KwikSew 2334 Review


I had this pattern, and finding the review request on urged me to make it up and review it:

I have made these briefs for my DH three time already, however, I never followed the directions exactly. Since my DH mostly wears pull-on casual shorts with elastic waist, he told me before I started that the front flap assembly looked like way too much work. How kind of him! He suggested that I simply make that area with a double layer, since he's mostly concerned with "supporting the package."

In tracing off the pattern, I put the center front on the fold, and made the center back into a 1/4-inch seam. I then made a pattern piece for the front panel. The smaller pattern piece you see here is the second version of the front panel pattern. The vertical curve is a little flatter, allowing for more fabric in that area.

This shows the front panel piece on top of the main piece, and you can see that there is more fabric in that area now than as originally designed.

First Pair - The first pair is made of white single knit cotton from sacrificed printed T-shirts. I made up a front overlay pattern piece as above, but narrower, like the original pattern. I laid the center front of the main pattern piece and the overlay piece on the fold.

The first thing I did was stitch this panel to the front with a three-step zigzag stitch from the wrong side, held in place first with fusible thread. Doing this flat made it very easy.
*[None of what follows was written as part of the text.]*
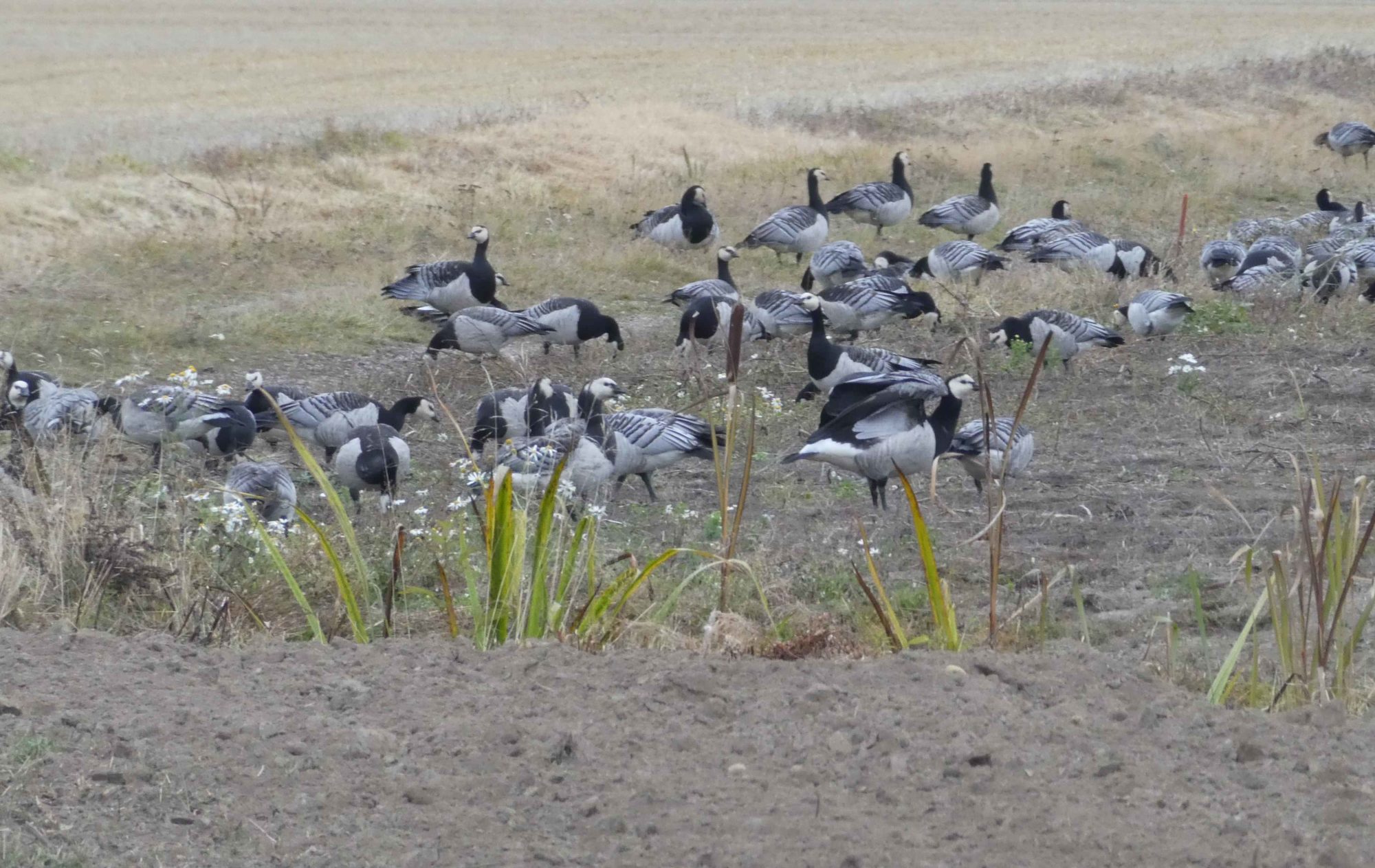 Valokuvaaja: Anja Mustamaa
I stitched the back seam then the crotch seam on the serger, with both front layers still together (the pattern calls for enclosing the back piece between the two front layers, as one would do for ladies' panties). The crotch seam was then pressed towards the back and tied down with a three-step zigzag stitch. I decided to be brave and try the self-fabric trim for the leg openings. It was not difficult, but my DH decided that the leg openings are not tight enough and that there's not the support that he needs. The elastic waistband was seamed at the back and applied as instructed.

Second Pair - The next pair was made of a green single knit from my stash. I decided to try elastic around the leg openings. The new overlay pattern piece was created to put a little more fabric in the crotch area. To get more fabric, the crotch area was cut with my redesigned panel pattern piece on top of the main piece. Both the main piece and the front panel piece were cut on the fold.
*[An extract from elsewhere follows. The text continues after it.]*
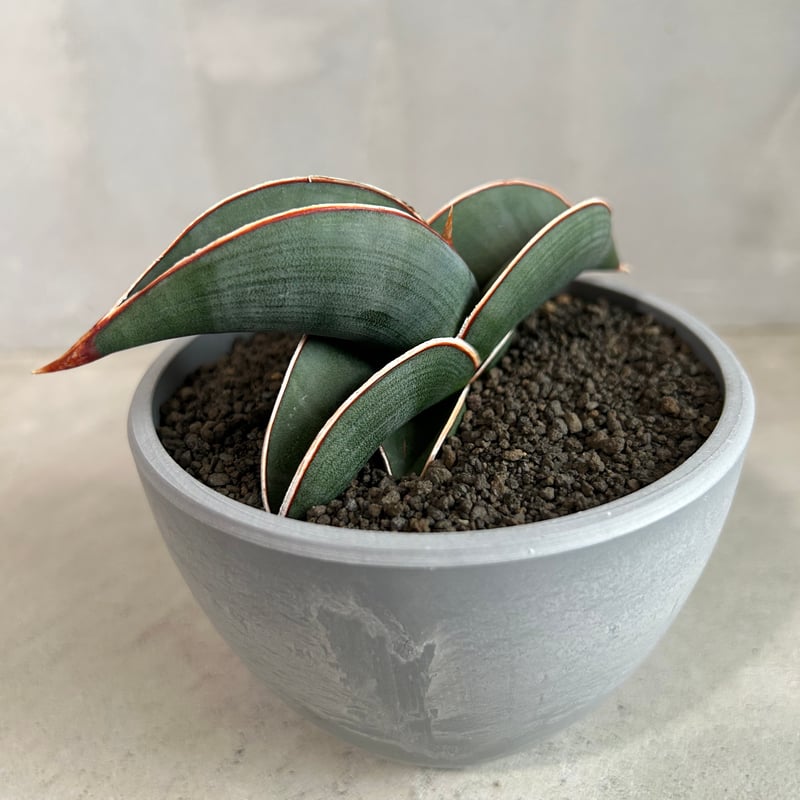サンセベリア ロリダ | ソレトナ植物店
In assembly, I fused the crotch piece onto the main piece, being careful to match the center fronts. Then I used the three-step zigzag stitch from the wrong side. The back seam and the under-crotch seam were then stitched on the serger.

The leg openings are finished with 1/4-inch elastic stitched to the wrong side with a three-step zigzag, turned to the wrong side, and top-stitched with a medium zigzag stitch. I remembered to cut the elastic less than the opening - 24 inches elastic for the 28-inch opening. This was overlapped as I sewed it on. The waist elastic was seamed, then applied to the briefs with two rows of zigzag stitching. My DH likes this pair better than the white pair, so I decided to make another pair.

Third Pair - The third pair was made of more of that green knit from my stash (= free!). I decided to cut this pair with center back on fold, and the two layers of the front would overlap from each side. To get more fabric, both sides of the crotch area were cut with the new panel pattern piece - one side with the two pattern pieces abutting, the other side with the new panel piece on top of the main piece.

In assembly, I fused the layers together on the ironing board before stitching, being careful to match the center fronts. When stitching down the panel piece, the loose edge of the overlap was placed on the feed dogs. Everything else was made in the same was as before, except that the waist elastic was overlapped instead of seamed at the center back. I felt this would be more secure.

Not only would I do this again, I must, as my DH has spent way too much money on briefs that don't fit, and there's plenty of prepaid (now, free!) fabric in my stash. Although he's a big-and-tall guy, his tush fit the size XXL of this pattern just fine.